[Saved data entries]
++++++++++
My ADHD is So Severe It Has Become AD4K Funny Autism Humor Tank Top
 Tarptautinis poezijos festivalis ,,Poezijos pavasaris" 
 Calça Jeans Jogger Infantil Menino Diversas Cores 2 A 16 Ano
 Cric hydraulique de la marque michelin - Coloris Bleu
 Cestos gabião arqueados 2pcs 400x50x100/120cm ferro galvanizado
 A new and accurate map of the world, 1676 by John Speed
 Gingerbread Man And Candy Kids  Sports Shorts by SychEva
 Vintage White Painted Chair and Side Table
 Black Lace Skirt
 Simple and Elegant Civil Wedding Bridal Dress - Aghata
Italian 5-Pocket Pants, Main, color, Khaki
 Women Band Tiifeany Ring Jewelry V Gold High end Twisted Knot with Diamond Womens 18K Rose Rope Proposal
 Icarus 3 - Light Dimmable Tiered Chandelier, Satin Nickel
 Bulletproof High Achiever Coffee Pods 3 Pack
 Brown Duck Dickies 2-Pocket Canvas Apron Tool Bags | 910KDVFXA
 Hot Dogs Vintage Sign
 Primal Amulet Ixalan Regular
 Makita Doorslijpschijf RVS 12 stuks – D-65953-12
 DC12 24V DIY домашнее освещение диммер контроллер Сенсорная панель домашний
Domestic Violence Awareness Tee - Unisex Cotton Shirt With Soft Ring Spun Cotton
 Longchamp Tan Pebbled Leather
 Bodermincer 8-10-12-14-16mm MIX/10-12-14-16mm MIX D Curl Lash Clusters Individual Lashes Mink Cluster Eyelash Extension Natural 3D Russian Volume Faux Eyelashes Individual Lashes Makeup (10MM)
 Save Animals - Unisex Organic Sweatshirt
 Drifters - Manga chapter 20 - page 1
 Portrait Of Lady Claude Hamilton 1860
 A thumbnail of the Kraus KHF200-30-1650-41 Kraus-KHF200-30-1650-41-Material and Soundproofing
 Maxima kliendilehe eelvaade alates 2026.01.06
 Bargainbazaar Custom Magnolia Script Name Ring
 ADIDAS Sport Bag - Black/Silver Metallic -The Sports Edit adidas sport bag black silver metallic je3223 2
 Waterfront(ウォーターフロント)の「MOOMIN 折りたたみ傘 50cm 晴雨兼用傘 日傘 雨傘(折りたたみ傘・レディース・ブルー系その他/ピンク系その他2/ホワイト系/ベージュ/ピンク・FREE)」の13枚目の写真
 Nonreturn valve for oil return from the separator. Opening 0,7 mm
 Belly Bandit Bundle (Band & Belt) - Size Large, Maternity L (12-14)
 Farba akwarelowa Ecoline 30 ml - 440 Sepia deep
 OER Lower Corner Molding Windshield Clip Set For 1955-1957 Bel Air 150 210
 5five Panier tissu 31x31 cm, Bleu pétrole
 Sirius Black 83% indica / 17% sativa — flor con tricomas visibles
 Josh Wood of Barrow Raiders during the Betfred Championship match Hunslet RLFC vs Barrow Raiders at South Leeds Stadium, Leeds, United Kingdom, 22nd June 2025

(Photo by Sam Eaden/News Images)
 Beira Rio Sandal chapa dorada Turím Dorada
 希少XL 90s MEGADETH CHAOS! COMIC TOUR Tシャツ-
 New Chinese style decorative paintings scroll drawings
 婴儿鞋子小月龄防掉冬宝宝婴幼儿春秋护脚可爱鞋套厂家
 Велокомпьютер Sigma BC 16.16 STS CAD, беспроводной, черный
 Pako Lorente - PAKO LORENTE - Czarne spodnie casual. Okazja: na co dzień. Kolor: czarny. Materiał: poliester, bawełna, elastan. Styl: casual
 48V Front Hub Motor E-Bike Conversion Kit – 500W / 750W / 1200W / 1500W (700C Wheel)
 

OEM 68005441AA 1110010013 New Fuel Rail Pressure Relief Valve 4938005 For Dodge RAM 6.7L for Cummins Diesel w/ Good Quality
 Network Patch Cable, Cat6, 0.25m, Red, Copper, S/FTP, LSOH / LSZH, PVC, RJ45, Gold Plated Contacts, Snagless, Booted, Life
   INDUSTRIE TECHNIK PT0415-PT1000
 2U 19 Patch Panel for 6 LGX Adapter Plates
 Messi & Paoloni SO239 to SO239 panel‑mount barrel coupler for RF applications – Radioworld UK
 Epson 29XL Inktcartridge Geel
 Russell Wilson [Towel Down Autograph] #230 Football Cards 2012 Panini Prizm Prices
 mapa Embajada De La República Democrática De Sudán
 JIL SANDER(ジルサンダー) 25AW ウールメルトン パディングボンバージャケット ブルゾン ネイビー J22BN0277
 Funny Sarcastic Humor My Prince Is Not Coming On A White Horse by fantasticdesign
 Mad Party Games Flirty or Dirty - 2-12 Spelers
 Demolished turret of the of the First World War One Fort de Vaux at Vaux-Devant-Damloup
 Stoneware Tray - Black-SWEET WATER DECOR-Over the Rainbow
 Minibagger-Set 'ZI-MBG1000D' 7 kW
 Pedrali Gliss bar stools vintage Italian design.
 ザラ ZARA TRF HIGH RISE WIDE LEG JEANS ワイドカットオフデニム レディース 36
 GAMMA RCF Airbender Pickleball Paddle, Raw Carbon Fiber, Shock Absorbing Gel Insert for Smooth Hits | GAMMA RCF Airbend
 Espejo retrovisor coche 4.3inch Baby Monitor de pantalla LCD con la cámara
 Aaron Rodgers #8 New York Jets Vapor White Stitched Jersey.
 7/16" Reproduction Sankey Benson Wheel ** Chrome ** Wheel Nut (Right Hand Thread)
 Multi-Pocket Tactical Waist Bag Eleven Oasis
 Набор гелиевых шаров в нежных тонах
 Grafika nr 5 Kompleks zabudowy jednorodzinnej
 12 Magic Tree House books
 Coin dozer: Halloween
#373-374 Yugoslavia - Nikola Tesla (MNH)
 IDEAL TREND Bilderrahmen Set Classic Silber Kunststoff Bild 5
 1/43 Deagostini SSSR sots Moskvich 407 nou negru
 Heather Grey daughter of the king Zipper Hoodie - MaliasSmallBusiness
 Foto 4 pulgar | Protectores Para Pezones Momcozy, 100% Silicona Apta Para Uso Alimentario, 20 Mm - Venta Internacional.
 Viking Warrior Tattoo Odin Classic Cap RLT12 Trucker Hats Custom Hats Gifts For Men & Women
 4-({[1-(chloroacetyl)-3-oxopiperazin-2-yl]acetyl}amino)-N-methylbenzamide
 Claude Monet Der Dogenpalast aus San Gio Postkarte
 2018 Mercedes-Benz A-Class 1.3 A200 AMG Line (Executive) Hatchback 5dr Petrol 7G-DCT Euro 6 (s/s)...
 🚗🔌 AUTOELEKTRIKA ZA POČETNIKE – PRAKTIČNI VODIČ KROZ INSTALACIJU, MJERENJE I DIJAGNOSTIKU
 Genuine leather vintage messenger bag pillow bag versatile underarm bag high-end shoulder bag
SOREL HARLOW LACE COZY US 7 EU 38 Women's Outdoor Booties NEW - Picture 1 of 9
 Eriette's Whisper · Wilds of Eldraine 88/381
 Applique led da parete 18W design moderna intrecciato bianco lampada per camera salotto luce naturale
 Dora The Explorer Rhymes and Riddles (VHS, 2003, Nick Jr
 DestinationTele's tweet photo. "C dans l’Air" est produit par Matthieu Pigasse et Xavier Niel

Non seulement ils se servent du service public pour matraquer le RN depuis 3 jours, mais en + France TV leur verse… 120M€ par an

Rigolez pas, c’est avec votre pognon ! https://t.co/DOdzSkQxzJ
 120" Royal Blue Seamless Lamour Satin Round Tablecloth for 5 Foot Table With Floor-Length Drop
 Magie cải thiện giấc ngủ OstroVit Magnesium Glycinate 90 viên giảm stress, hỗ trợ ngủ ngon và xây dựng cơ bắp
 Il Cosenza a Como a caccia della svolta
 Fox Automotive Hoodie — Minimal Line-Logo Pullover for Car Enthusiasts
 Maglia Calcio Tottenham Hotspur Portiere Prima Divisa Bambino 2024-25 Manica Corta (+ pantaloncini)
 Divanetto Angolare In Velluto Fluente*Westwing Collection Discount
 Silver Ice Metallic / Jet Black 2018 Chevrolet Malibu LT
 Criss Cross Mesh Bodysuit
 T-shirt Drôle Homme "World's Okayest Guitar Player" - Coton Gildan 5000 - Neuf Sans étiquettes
++++++++++
**REQUIRED WORK:**
Your reply is to repeat, unchanged, the lines above running from the one with "Josh Wood of" up to and including the one with "Велокомпьютер Sigma BC".

**SOLUTION FOR THIS TASK:**
 Josh Wood of Barrow Raiders during the Betfred Championship match Hunslet RLFC vs Barrow Raiders at South Leeds Stadium, Leeds, United Kingdom, 22nd June 2025

(Photo by Sam Eaden/News Images)
 Beira Rio Sandal chapa dorada Turím Dorada
 希少XL 90s MEGADETH CHAOS! COMIC TOUR Tシャツ-
 New Chinese style decorative paintings scroll drawings
 婴儿鞋子小月龄防掉冬宝宝婴幼儿春秋护脚可爱鞋套厂家
 Велокомпьютер Sigma BC 16.16 STS CAD, беспроводной, черный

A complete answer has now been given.